The records Block Start

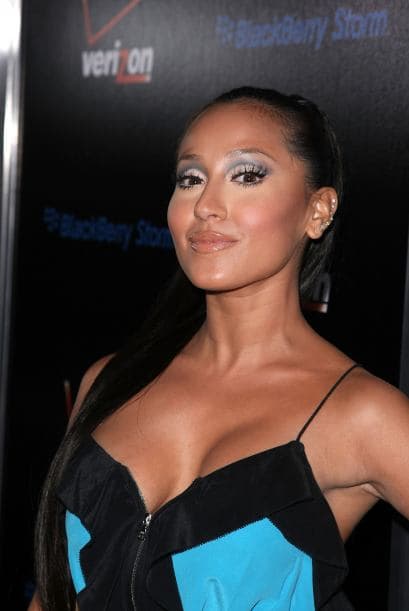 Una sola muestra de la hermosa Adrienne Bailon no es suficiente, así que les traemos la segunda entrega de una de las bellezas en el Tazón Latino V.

The records Block End
The records Block Start

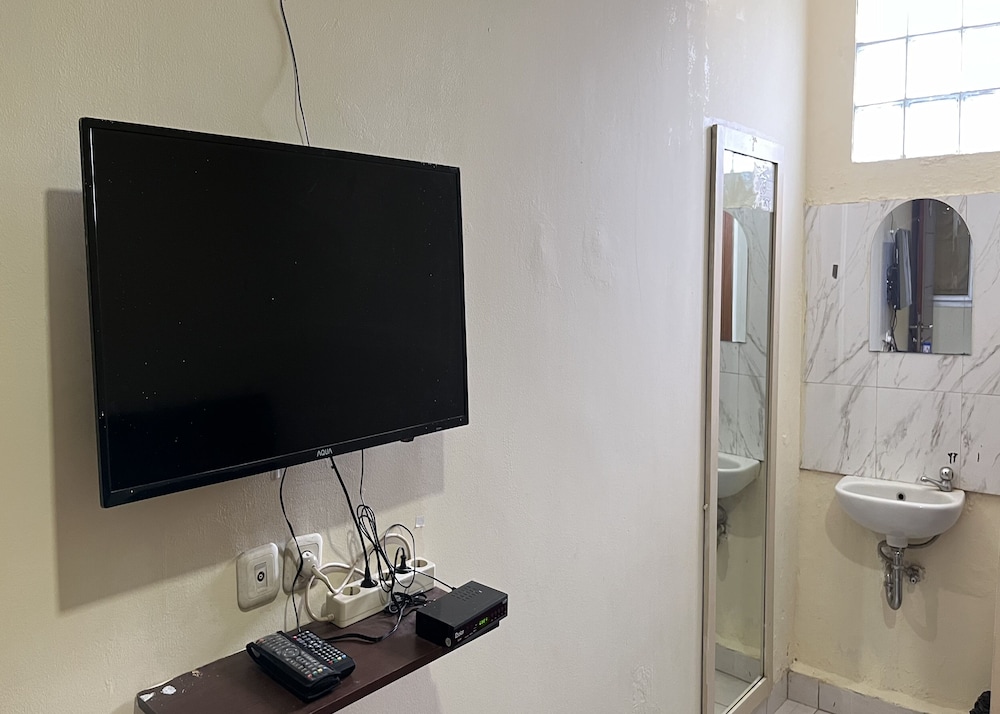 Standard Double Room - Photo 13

The records Block End
The records Block Start

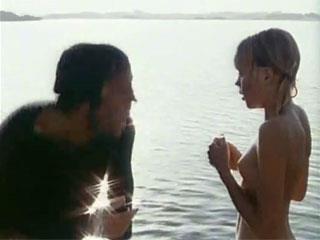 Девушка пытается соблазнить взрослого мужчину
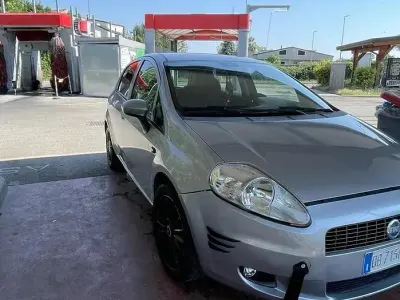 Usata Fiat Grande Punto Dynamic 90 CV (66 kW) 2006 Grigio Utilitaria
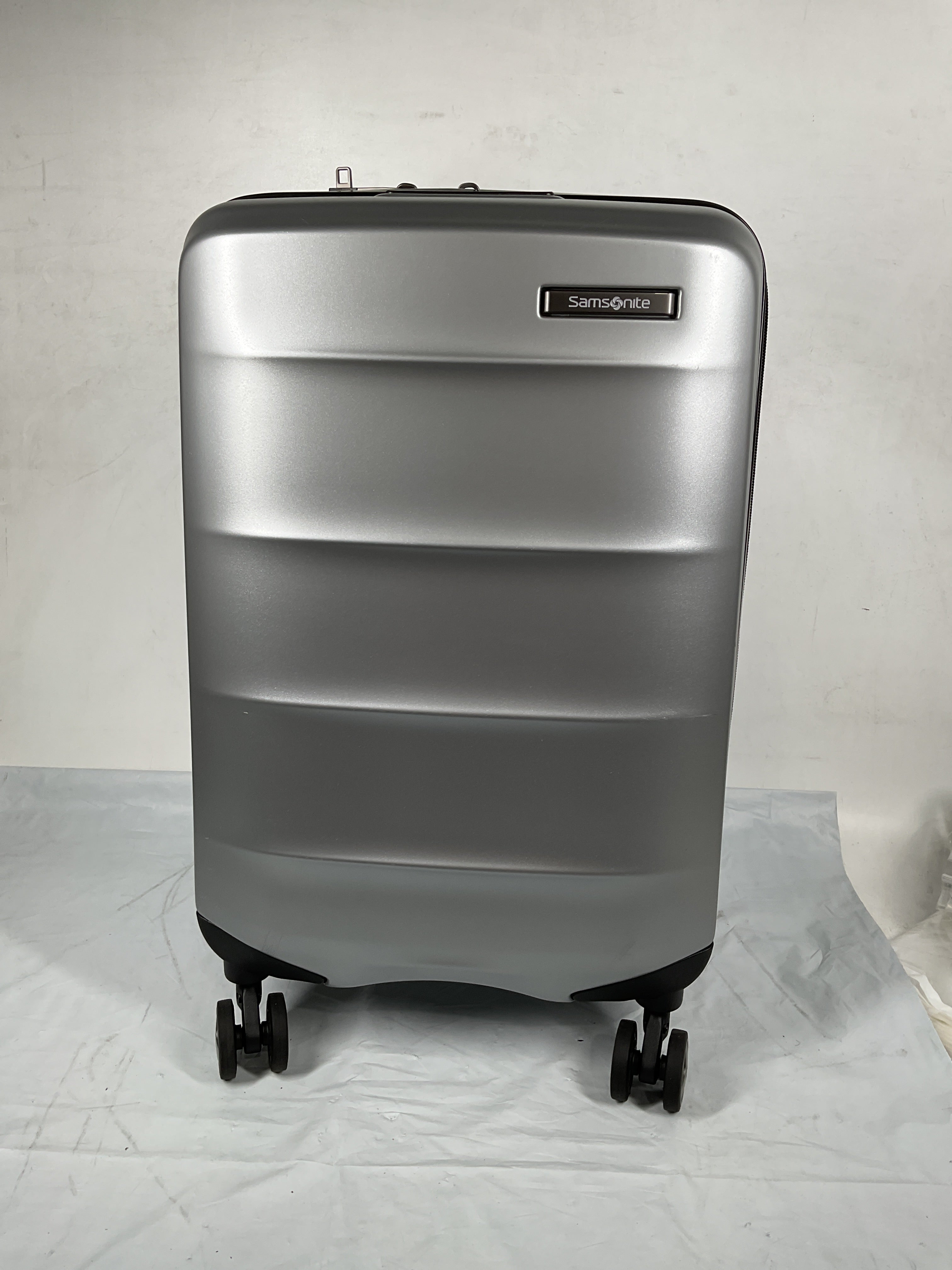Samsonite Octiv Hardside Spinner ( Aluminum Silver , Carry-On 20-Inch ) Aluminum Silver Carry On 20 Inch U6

The records Block End

Exercise:
Print everything from the line with "Девушка пытается соблазнить" down to the line with "Samsonite Octiv Hardside" in the entries above, both lines included and nothing more, without the pictures.

Final answer:
 Девушка пытается соблазнить взрослого мужчину
 Usata Fiat Grande Punto Dynamic 90 CV (66 kW) 2006 Grigio Utilitaria
Samsonite Octiv Hardside Spinner ( Aluminum Silver , Carry-On 20-Inch ) Aluminum Silver Carry On 20 Inch U6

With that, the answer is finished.